- From: Stefan Håkansson LK <stefan.lk.hakansson@ericsson.com>
- Date: Thu, 15 May 2014 09:52:25 +0000
- To: Harald Alvestrand <harald@alvestrand.no>, "public-webrtc@w3.org" <public-webrtc@w3.org>
On 2014-05-15 11:01, Harald Alvestrand wrote: > On 05/15/2014 07:21 AM, Martin Thomson wrote: >> This is probably best handled in a room, but here goes. >> >> A has isolated streams because it thinks it's making a "private" call. >> (Scare quotes intentional.) >> >> B has regular streams. >> >> A and B try to establish a call. Nothing in the signaling they are >> using (SDP, woo!) indicates that they are screwed. The browser runs >> the O/A exchange and it seems OK, until the DTLS session blows up. >> >> Do we want a signal in SDP for this state?

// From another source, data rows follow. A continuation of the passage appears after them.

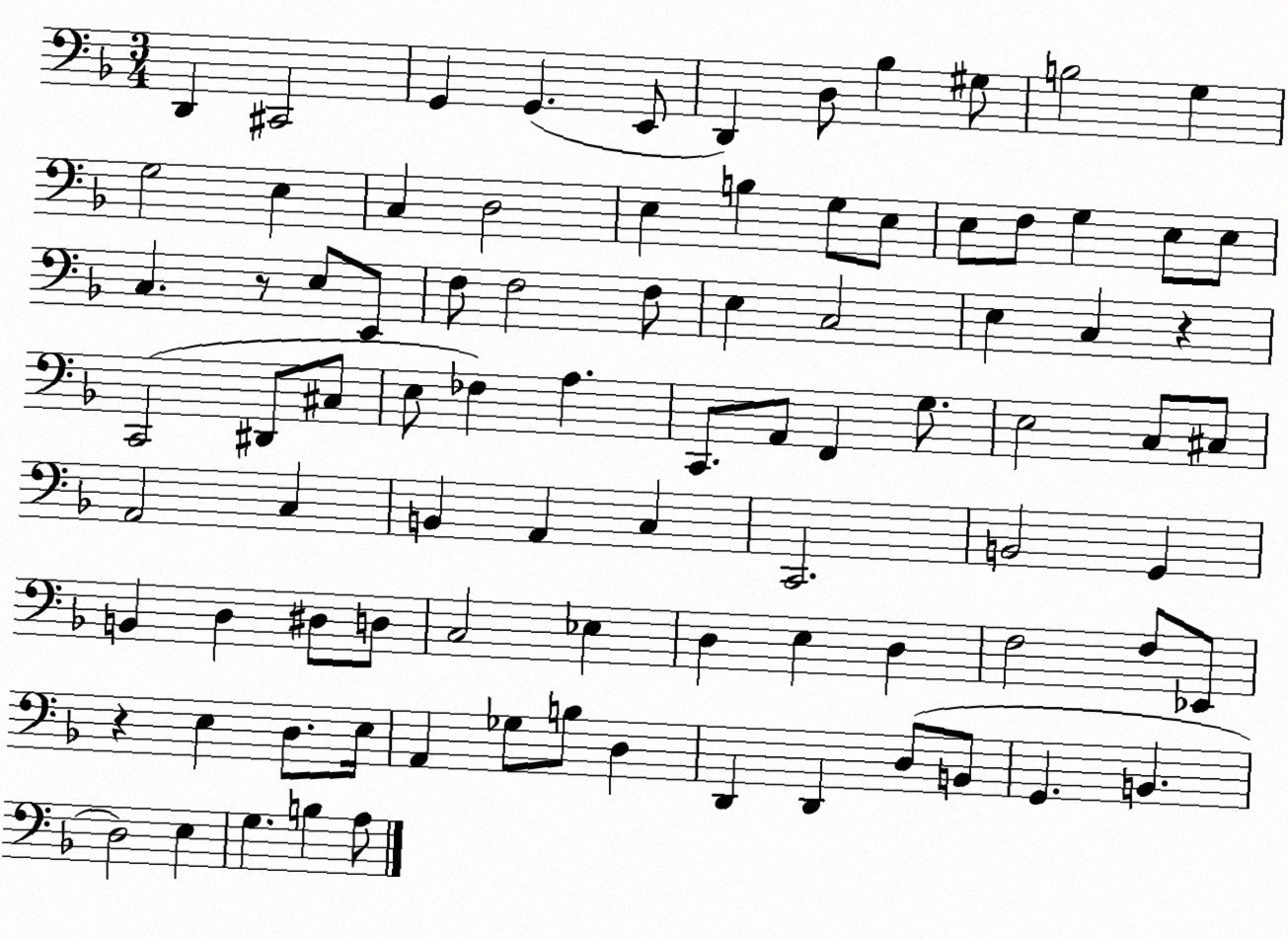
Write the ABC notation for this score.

X:1
T:Untitled
M:3/4
L:1/4
K:F
D,, ^C,,2 G,, G,, E,,/2 D,, D,/2 _B, ^G,/2 B,2 G, G,2 E, C, D,2 E, B, G,/2 E,/2 E,/2 F,/2 G, E,/2 E,/2 C, z/2 E,/2 E,,/2 F,/2 F,2 F,/2 E, C,2 E, C, z C,,2 ^D,,/2 ^C,/2 E,/2 _F, A, C,,/2 A,,/2 F,, G,/2 E,2 C,/2 ^C,/2 A,,2 C, B,, A,, C, C,,2 B,,2 G,, B,, D, ^D,/2 D,/2 C,2 _E, D, E, D, F,2 F,/2 _E,,/2 z E, D,/2 E,/4 A,, _G,/2 B,/2 D, D,, D,, D,/2 B,,/2 G,, B,, D,2 E, G, B, A,/2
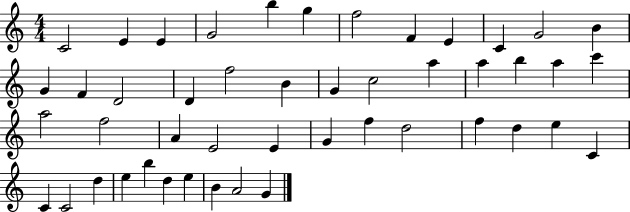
C4/h E4/q E4/q G4/h B5/q G5/q F5/h F4/q E4/q C4/q G4/h B4/q G4/q F4/q D4/h D4/q F5/h B4/q G4/q C5/h A5/q A5/q B5/q A5/q C6/q A5/h F5/h A4/q E4/h E4/q G4/q F5/q D5/h F5/q D5/q E5/q C4/q C4/q C4/h D5/q E5/q B5/q D5/q E5/q B4/q A4/h G4/q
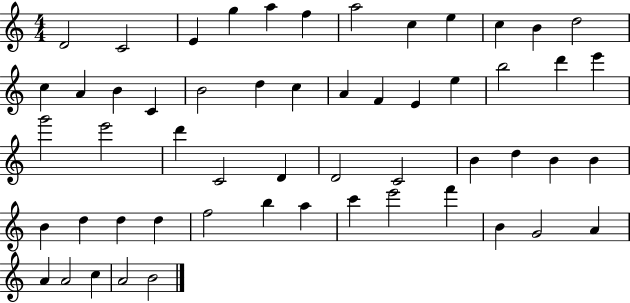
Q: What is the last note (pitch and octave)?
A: B4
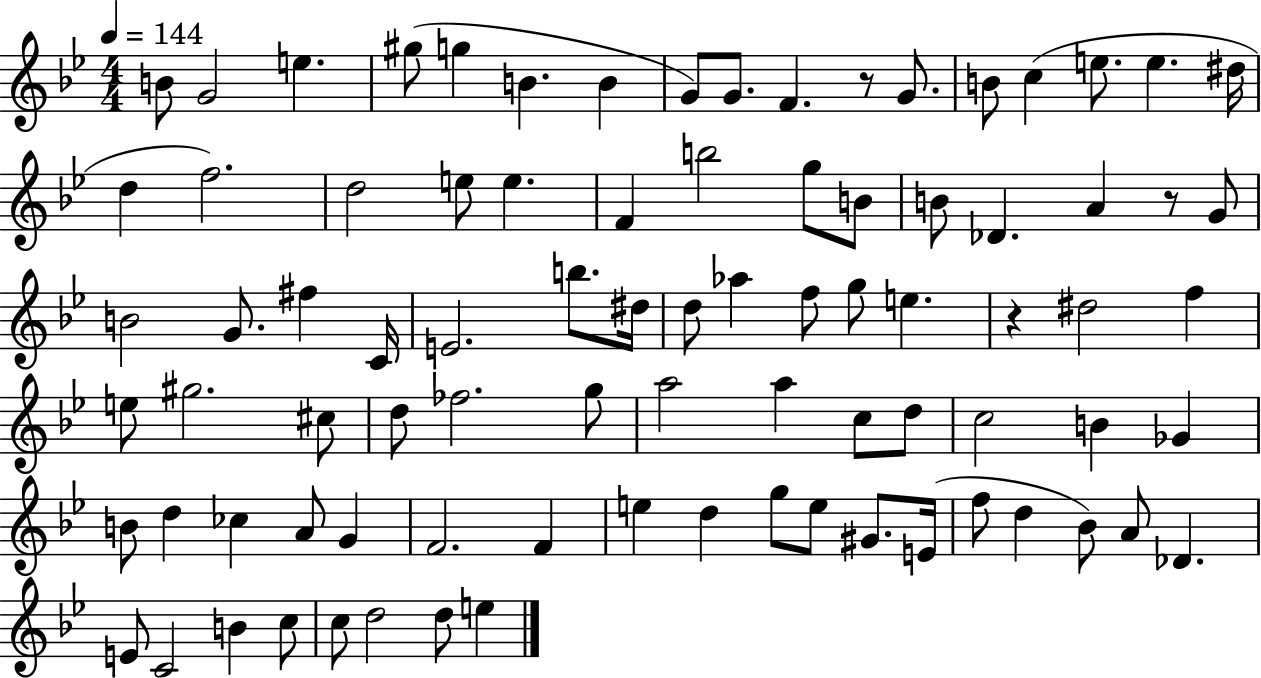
B4/e G4/h E5/q. G#5/e G5/q B4/q. B4/q G4/e G4/e. F4/q. R/e G4/e. B4/e C5/q E5/e. E5/q. D#5/s D5/q F5/h. D5/h E5/e E5/q. F4/q B5/h G5/e B4/e B4/e Db4/q. A4/q R/e G4/e B4/h G4/e. F#5/q C4/s E4/h. B5/e. D#5/s D5/e Ab5/q F5/e G5/e E5/q. R/q D#5/h F5/q E5/e G#5/h. C#5/e D5/e FES5/h. G5/e A5/h A5/q C5/e D5/e C5/h B4/q Gb4/q B4/e D5/q CES5/q A4/e G4/q F4/h. F4/q E5/q D5/q G5/e E5/e G#4/e. E4/s F5/e D5/q Bb4/e A4/e Db4/q. E4/e C4/h B4/q C5/e C5/e D5/h D5/e E5/q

I think that it would be >> nice. We can put a wee attributey thing on the a=identity line. >> >> Sorry, scratch that, we can request that the RTCWEB working group >> consider this as a new requirement on their signaling work. >> > > I'm not sure I quite get the "isolated" property's properties here. > > When it was initially proposed, I thought it was intended for: > > A runs a Javascript app X > A wants his media to end up only with B, not anyone else X wants to send > it to > X marks the streams as "isolated", A checks that this is true (oops, UI > needed), and is happy This is the key point to me. The only UI we have is the gUM one. That is the opportunity when the UA can tell the user ("A") that "media can't be recorded, and only be sent to B". So the logic for me becomes that B's app cannot record, or forward the media (of course this can only work if B is using a conforming UA) - so we would need to carry those properties over in some way. This is a "I trust the UA, I trust myself, I trust B, but I distrust the app (my app and B's app)" case.